Some embodiments according to the invention comprise a data carrier having
electronically readable control signals, which are capable of cooperating with a
programmable computer system, such that one of the methods described herein is
performed.
Generally, embodiments of the present invention can be implemented as a computer
program product with a program code, the program code being operative for performing
one of the methods when the computer program product runs on a computer. The
program code may, for example, be stored on a machine readable carrier.
Other embodiments comprise the computer program for performing one of the methods
described herein, stored on a machine readable carrier.
In other words, an embodiment of the inventive method is, therefore, a computer program
having a program code for performing one of the methods described herein, when the
computer program runs on a computer.
A further embodiment of the inventive method is, therefore, a data carrier (or a digital
storage medium, or a computer-readable medium) comprising, recorded thereon, the
computer program for performing one of the methods described herein. The data carrier,
the digital storage medium or the recorded medium are typically tangible and/or nontransitory.
A further embodiment of the invention method is, therefore, a data stream or a sequence
of signals representing the computer program for performing one of the methods
described herein. The data stream or the sequence of signals may, for example, be
configured to be transferred via a data communication connection, for example, via the
internet.
A further embodiment comprises a processing means, for example, a computer or a
programmable logic device, configured to, or adapted to, perform one of the methods
described herein.
A further embodiment comprises a computer having installed thereon the computer
program for performing one of the methods described herein.
A further embodiment according to the invention comprises an apparatus or a system
configured to transfer (for example, electronically or optically) a computer program for
performing one of the methods described herein to a receiver. The receiver may, for
example, be a computer, a mobile device, a memory device or the like. The apparatus or
system may, for example, comprise a file server for transferring the computer program to
the receiver .
In some embodiments, a programmable logic device (for example, a field programmable
gate array) may be used to perform some or all of the functionalities of the methods
described herein. In some embodiments, a field programmable gate array may cooperate
with a microprocessor in order to perform one of the methods described herein. Generally,
the methods are preferably performed by any hardware apparatus.

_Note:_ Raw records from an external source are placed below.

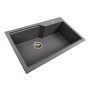 Зображення Гранітна мийка для кухні VALESO NIKA 7545 матова Сірий мусон ИМ Light-Deco 2 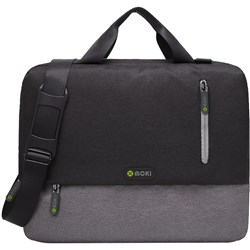 Moki Odyssey Satchel Fits up to 15.6 Inch Laptop Black / Grey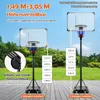 GOPLUS Basketballständer Basketballkorb Outdoor, Korbhöhe Produktbild-Vorschau 4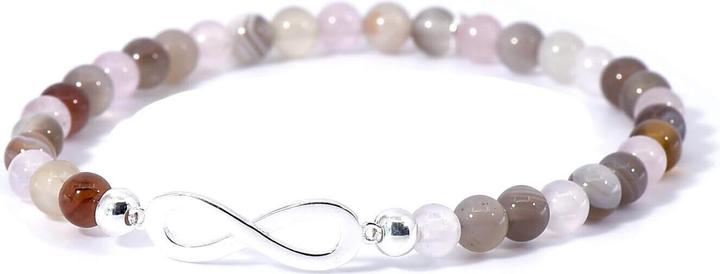 Actual product image Balibay Amaris (18 cm, Rose quartz, Agate, 925 sterling silver, Gemstone)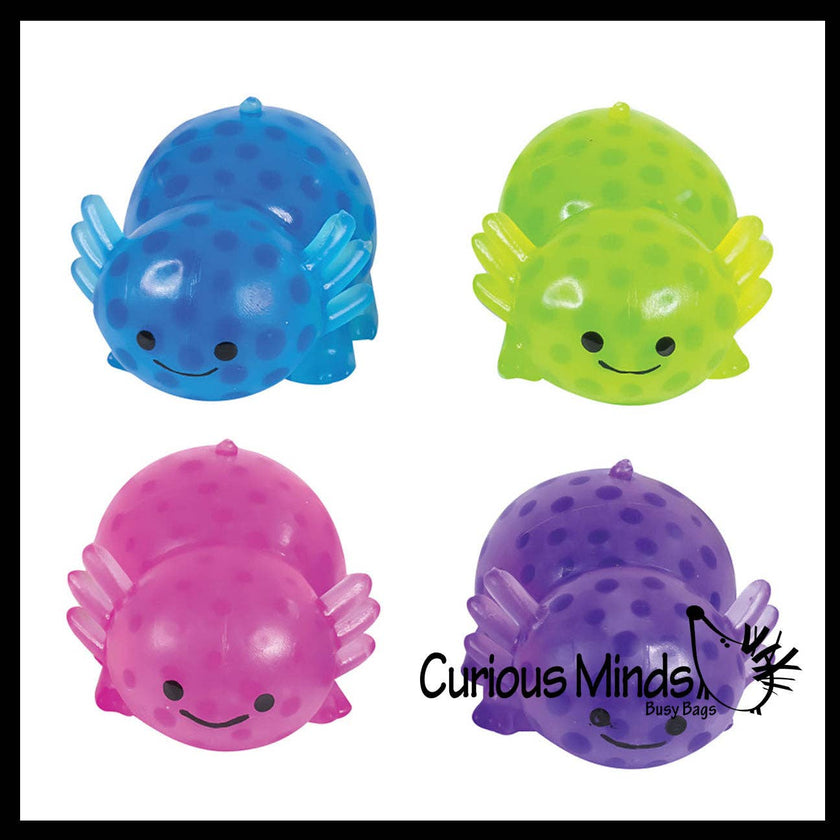 Axolotl Water Bead Filled Squeeze Stress Ball - Sensory Toy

The above described embodiments are merely illustrative for the principles of the present
invention. It is understood that modifications and variations of the arrangements and the
details described herein will be apparent to others skilled in the art. It is the intent,
therefore, to be limited only by the scope of the impending patent claims and not by the
specific details presented by way of description and explanation of the embodiments
herein.

Claims
1. Apparatus for generating an enhanced signal from an input signal (600), wherein
the enhanced signal has spectral values for an enhancement spectral region, the
spectral values for the enhancement spectral regions not being contained in the
input signal (600), comprising:
a mapper (602) for mapping a source spectral region of the input signal to a target
region in the enhancement spectral region, the source spectral region comprising a
noise-filling region (302); and
a noise filler (604) configured for generating first noise values for the noise-filling
region (302) in the source spectral region of the input signal and for generating
second noise values for a noise region in the target region, wherein the second
noise values are decorrelated from the first noise values or for generating second
noise values for a noise region in the target region, wherein the second noise
values are decorrelated from first noise values in the source region,
wherein the noise filler (604) is configured to identify noise positions using an
identification vector (706) having entries for spectral positions in the source
spectral region only, or having entries for spectral positions in the source spectral
region and in the target spectral region,
wherein the noise filler (604) is configured for calculating an energy information on
noise values indicated by the identification vector (706),
wherein the noise filler (604) is configured to calculate an energy information on
inserted random values intended for the target region,
wherein the noise filler is configured to calculate a gain factor for scaling the
random values, and
wherein the noise filler is configured to apply the gain factor to the inserted random
values.
2 . Apparatus of claim 1
wherein the input signal is an encoded signal comprising noise-filling parameters
for the source spectral region of the input signal,
wherein the noise filler is configured for generating the first noise values using the
noise-filling parameters and for generating the second noise values using an
energy information on the first noise values.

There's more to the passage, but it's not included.